In this tutorial, we will consider motion capture (MOCAP). This is a special case, where we use images from multiple camera views to compute the 3D positions of specifically designed markers that track the motion of a person (or object) performing various tasks.

Non-rigid shapes#

To make the problem well-posed, one has to control the complexity of the deformations using some minor assumptions on the possible space of object shapes. This is not a weird thing to do: consider e.g. the human body, we have different joints that bend and turn in a finite amount of ways; the skeleton itself is rigid and not capable of such deformations. For this reason, Bregler et al. 1 suggested that all movements (or shapes) can be represented by a low-dimensional basis. In the context of motion capture, this means that every movement a person does can be considered a combination of core movements (or basis shapes).

Mathematically speaking, this translates to any motion being a linear combination of the basis shapes, i.e. assuming there are \(K\) basis shapes, any non-rigid shape \(X_i\) can be written as

\[X_i = \sum_{i=1}^K c_{ik}B_k\]

where \(c_{ik}\) are the basis coefficients and \(B_k\) are the basis shapes. Here, \(X_i\) is a \(3\times N\) matrix where each column is a point in 3D space.

The CMU MOCAP dataset#

Let us first try to understand the data we are given. We will use the Pickup instance from the CMU MOCAP dataset, which depicts a person picking something up from the floor.

import matplotlib.pyplot as plt
import matplotlib.animation as animation
import numpy as np
import scipy as sp


plt.close('all')
np.random.seed(0)
data = np.load('../testdata/mocap.npz', allow_pickle=True)
X_gt = data['X_gt']
markers = data['markers'].item()

First we view the first 3D poses. In order to easily visualize the person, we draw a skeleton between the markers corresponding to certain body parts. Note that these are not used in any other way.

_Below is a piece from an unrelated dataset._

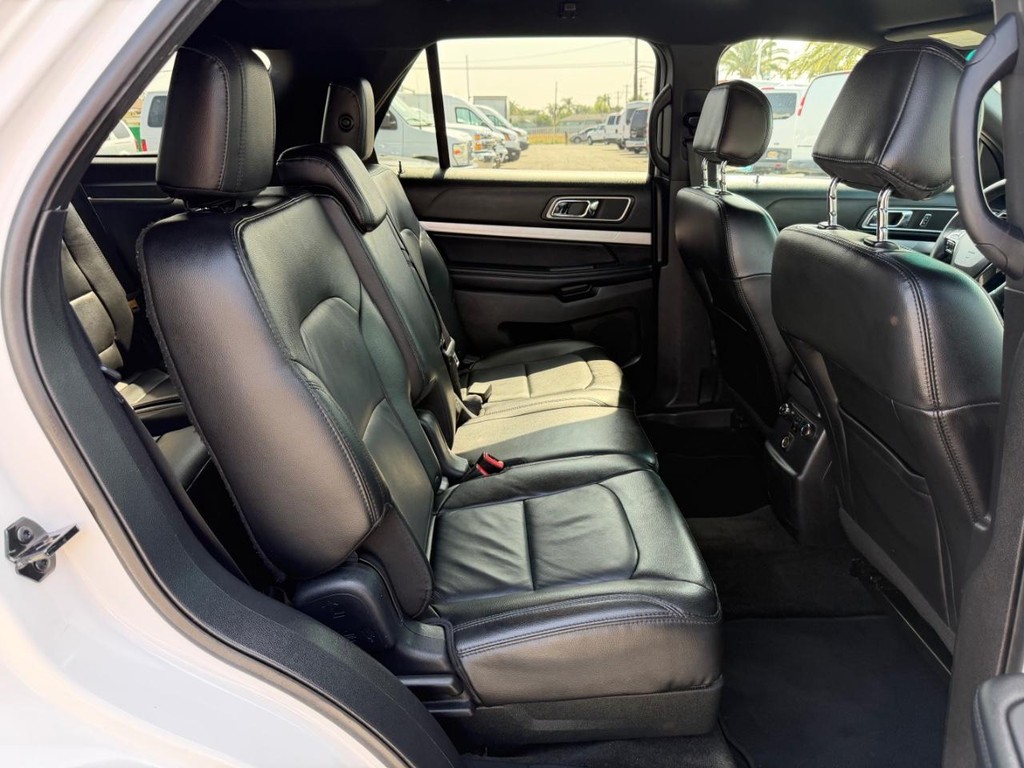 Ford Explorer Vehicle Full-screen Gallery Image 37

def plot_first_3d_pose(ax, X, color='b', marker='o', linecolor='k'):
    ax.scatter(X[0, :], X[1, :], X[2, :], color, marker=marker)
    for j, ind in enumerate(markers.values()):
        ax.plot(X[0, ind], X[1, ind], X[2, ind], '-', color=linecolor)
    ax.set_box_aspect(np.ptp(X[:3, :], axis=1))
    ax.view_init(20, 25)


fig = plt.figure()
ax = fig.add_subplot(projection='3d')
plot_first_3d_pose(ax, X_gt)
plt.tight_layout()
nrsfm

Now, we turn the attention to the data the algorithm is given, which is a sequence of 2D images from varying views. The goal is to recreate the 3D points, such as in the example above, from all timestamps.

M = data['M']
F = int(X_gt.shape[0] / 3)


def _update(f: int):
    X = M[2 * f:2 * f + 2, :]
    lines[0].set_data(X[0, :], X[1, :])
    for j, ind in enumerate(markers.values()):
        lines[j + 1].set_data(X[0, ind], X[1, ind])
    return lines


fig, ax = plt.subplots()
lines = ax.plot([], [], 'r.')
for _ in range(len(markers)):
    lines.append(ax.plot([], [], 'k-')[0])
ax.set(xlim=(-2.5, 2.5), ylim=(-3.5, 3.5))
ax.set_aspect('equal')

ani = animation.FuncAnimation(fig, _update, F, interval=25, blit=True)

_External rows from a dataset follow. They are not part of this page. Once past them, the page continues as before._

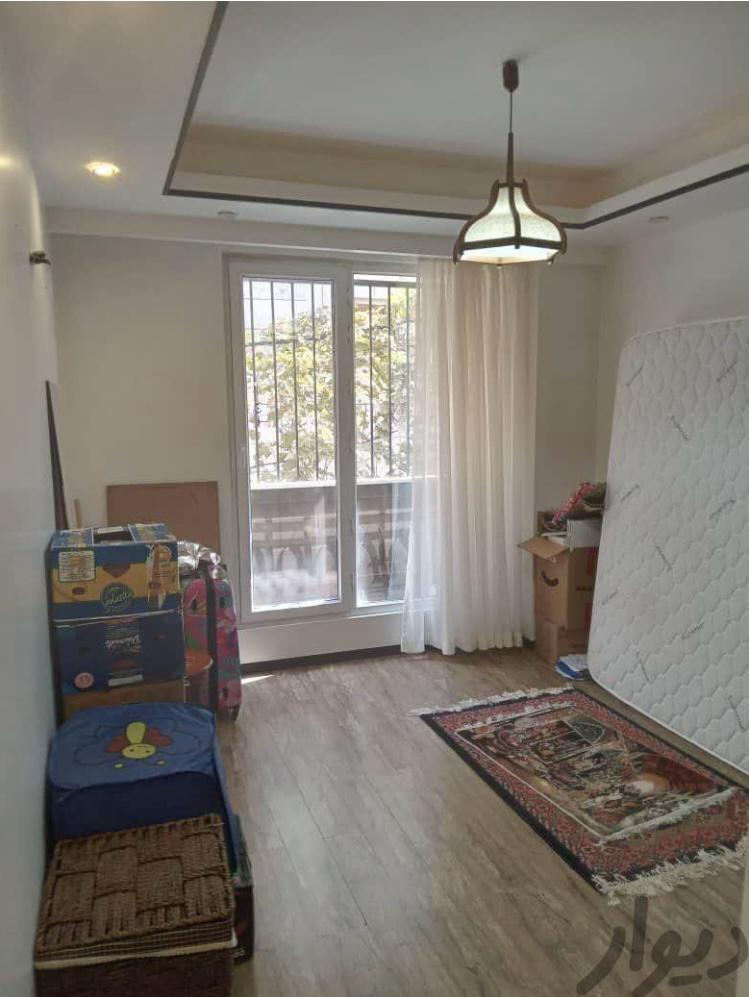 فرمانیه غربی 75 متر غرق نور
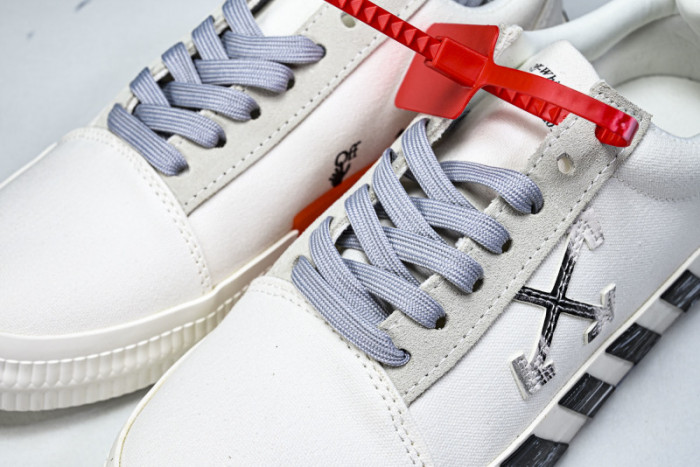 OFW Sneakers OW10040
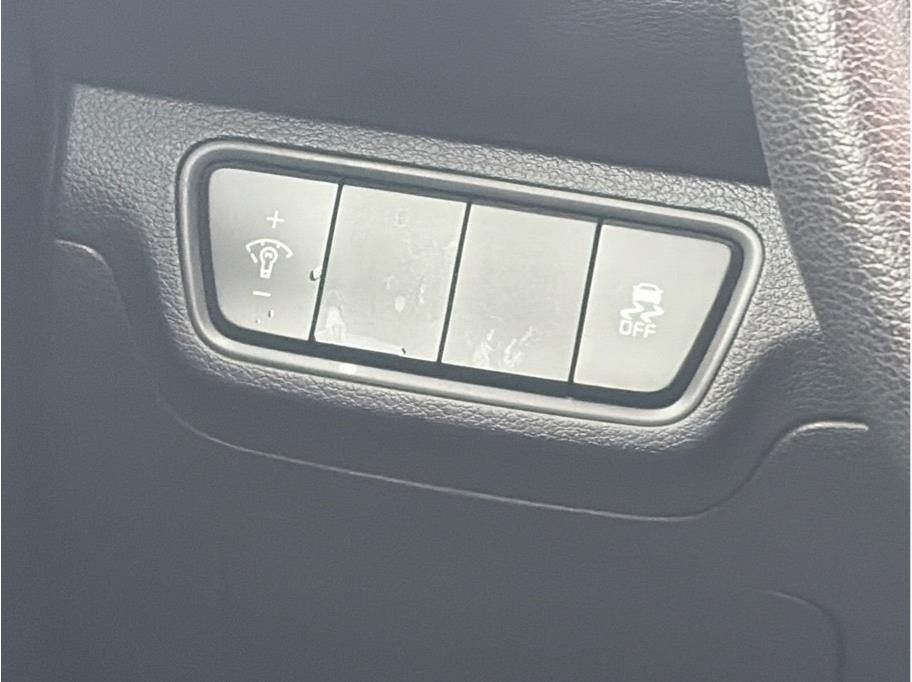 2023 Kia Forte LXS Sedan 4D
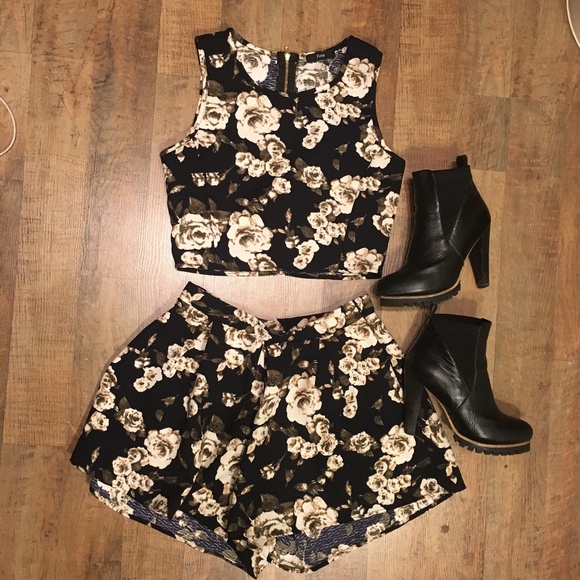 FORA 2-Piece Short Set - Picture 2 of 6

Note that these are the 2D image correspondences and that the image view is constantly changing as it is spinning around. Such motion can be modeled with orthographic cameras, which we will discuss next.

Orthographic projections#

Assuming that we know the pose of the camera from which the image was taken the corresponding 2D image point can be obtained. In the case of rotations, we assume the cameras are orthographic, meaning that the image points \(x_i\) are obtained from the relation

\[x_i = R_iX_i\]

where \(R_i\) is a \(2\times 3\) matrix fulfilling \(R_iR_i^T=I\). Essentially, the \(R_i\) matrices consists of the top two rows of the corresponding rotation matrix.

Now, the task at hand is essentially the inverse problem: to reconstruct the 3D points for each point in time from these 2D images.

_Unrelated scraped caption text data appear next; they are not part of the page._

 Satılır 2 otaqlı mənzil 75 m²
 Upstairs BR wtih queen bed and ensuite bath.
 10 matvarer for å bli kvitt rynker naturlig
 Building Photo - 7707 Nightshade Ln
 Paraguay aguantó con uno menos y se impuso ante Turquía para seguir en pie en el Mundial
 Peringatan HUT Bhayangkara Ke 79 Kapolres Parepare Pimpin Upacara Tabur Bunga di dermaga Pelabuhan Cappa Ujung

Treating NRSfM as a low-rank factorization problem#

One of the main novelties of the paper by Dai et al. 2 is to reshape and stack the non-rigid shapes \(X_i\) in a way that allows us to treat the problem using methods from low-rank factorization. This is done in the following way: first concatenate all rows of \(X_i\) creating a vector \(X^\sharp_i\) of size \(1\times 3N\). Secondly, assuming there are in total \(F\) non-rigid shapes we create the matrix \(X^\sharp\) of size \(F\times 3N\) by stacking all \(X^\sharp_i\). This enables us to decompose the newly created matrix \(X^\sharp=CB^\sharp\) in the low-rank factors consisting of the shape coefficients \(C\) and the basis shapes \(B^\sharp\) (constructed in the same way as \(X^\sharp\)).

Now, let us implement and visualize this approach.

def stack(X: np.ndarray):
    return np.hstack((X[::3, :], X[1::3, :], X[2::3, :]))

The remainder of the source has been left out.